Eighty-four percent of all fast-food workers in New York City have reported wage theft in a new report titled “New York’s Hidden Crime Wave: Wage Theft and NYC’s Fast Food Workers.” The results are expected to strengthen the surging movement in the fast food industry calling for a living wage of $15 per hour and the right to form a union without intimidation.
Thousands of workers have already walked off the job in five different cities over the past six weeks. Protest leaders contend that forming unions in a non-unionized industry would prevent these type of alleged abuses from occurring in the future.
The survey results were presented at a press conference outside a Brooklyn, New York KFC restaurant Thursday. Presenters cited data from an Anzalone Liszt Grove research survey of 500 New York City fast food workers.

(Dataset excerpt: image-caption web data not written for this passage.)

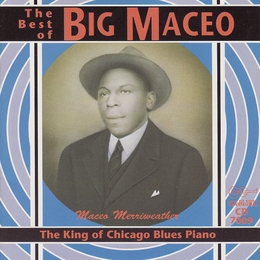 Image du média "THE KING OF CHICAGO BLUES PIANO (THE BEST OF BIG MACEO) de BIG MACEO"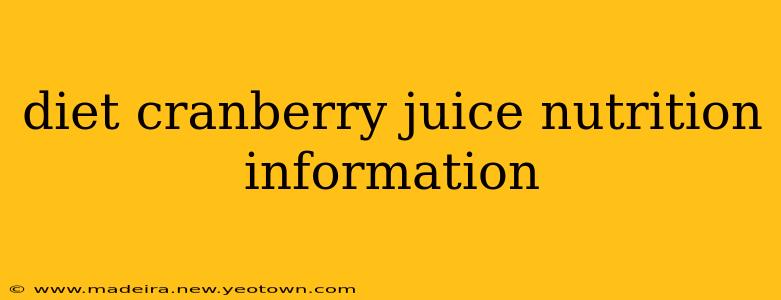 diet cranberry juice nutrition information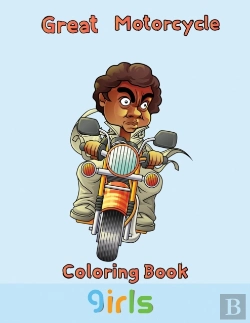 Bertrand.pt - Great Motorcycle Coloring Book    Girls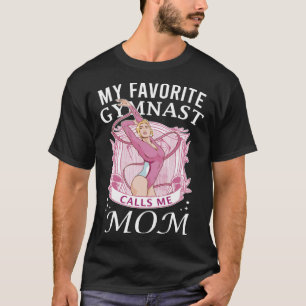Camiseta Mi gimnasta favorita me llama a mamá gimnástica 18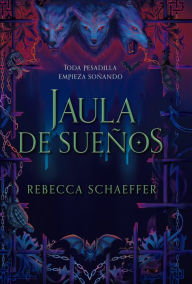 Title: Jaula de sueños, Author: Rebecca Schaeffer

The results underscore a recent wave of complaints across the fast food industry. A full 84 percent of respondents said that their employer had committed some form of wage theft over the previous year. The alleged wage theft would further reduce already paltry pay for low-wage fast-food employees who earn an average of just $9.05 per hour according to the U.S. Bureau of Labor Statistics.
Employers can steal wages in a variety of ways, including non-payment of overtime, not giving workers their last paycheck after a worker leaves a job, not paying for all hours worked or the outright refusal of payment.

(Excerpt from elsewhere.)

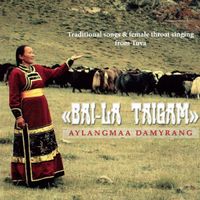 Aylangmaa Damyrang - Bai-La Taigam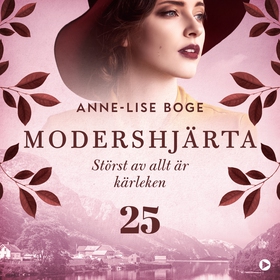 Störst av allt är kärleken (ljudbok) av Anne-Li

Any of the aforementioned acts violate a litany of labor laws, including the Fair Labor Standards Act (FLSA) of 1938 that offers basic workplace protects.

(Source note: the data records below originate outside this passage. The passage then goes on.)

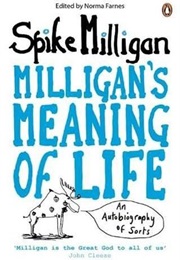 Milligan's Meaning of Life: An Autobiography of Sorts (Spike Milligan)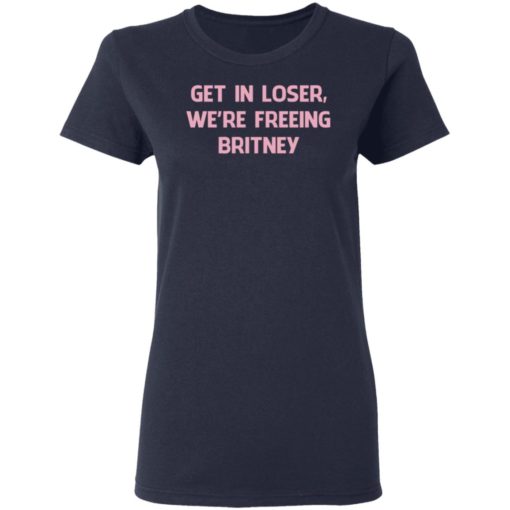 Get In Loser We’re Freeing Britney Shirt, Long Sleeve, Hoodie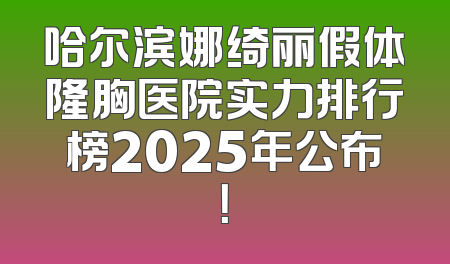 哈尔滨娜绮丽假体隆胸医院实力排行榜2025年公布！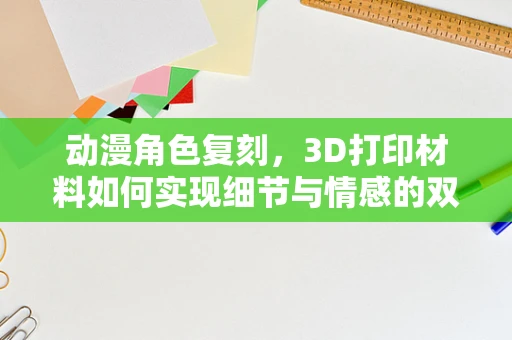 动漫角色复刻，3D打印材料如何实现细节与情感的双重飞跃？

The report quotes McDonald’s worker Elizabeth Rene, who says she loses up to $75 a month because she isn’t paid for time she spends counting the register before and after her shift. “I feel cheated and used and like I’m not appreciated for my hard work,” said Rene.
McDonald’s did not return Mint Press News’ request for comment. A 2008 study by the National Employment Law Project estimated that the average low-wage worker loses roughly 15 percent of his or her annual income because of wage theft.
The report has been published by Fast Food Forward, the main organization behind the strikes in New York. Josh Eidelson of The Nation reports that the release occurred on the same day as a New York Times article reporting that New York State Attorney General Eric Schneiderman “is investigating whether the owners of several fast-food restaurants and a fast-food parent corporation have cheated their workers out of wages, according to a person familiar with the cases.”
Thousands of employees have already participated in one-day walkouts in New York, Chicago, Detroit, St. Louis, and most recently in Milwaukee where 200 workers walked off the job Wednesday. In addition to improved wages, workers have also demanded improvements to workplace safety. “Every worker who we have talked to has been burnt by a fire, has had grease splattered on them. Many of them didn’t go to the doctor when they probably should have,” Jennifer Epps-Addison, a protest organizer in Milwaukee, told Mint Press News.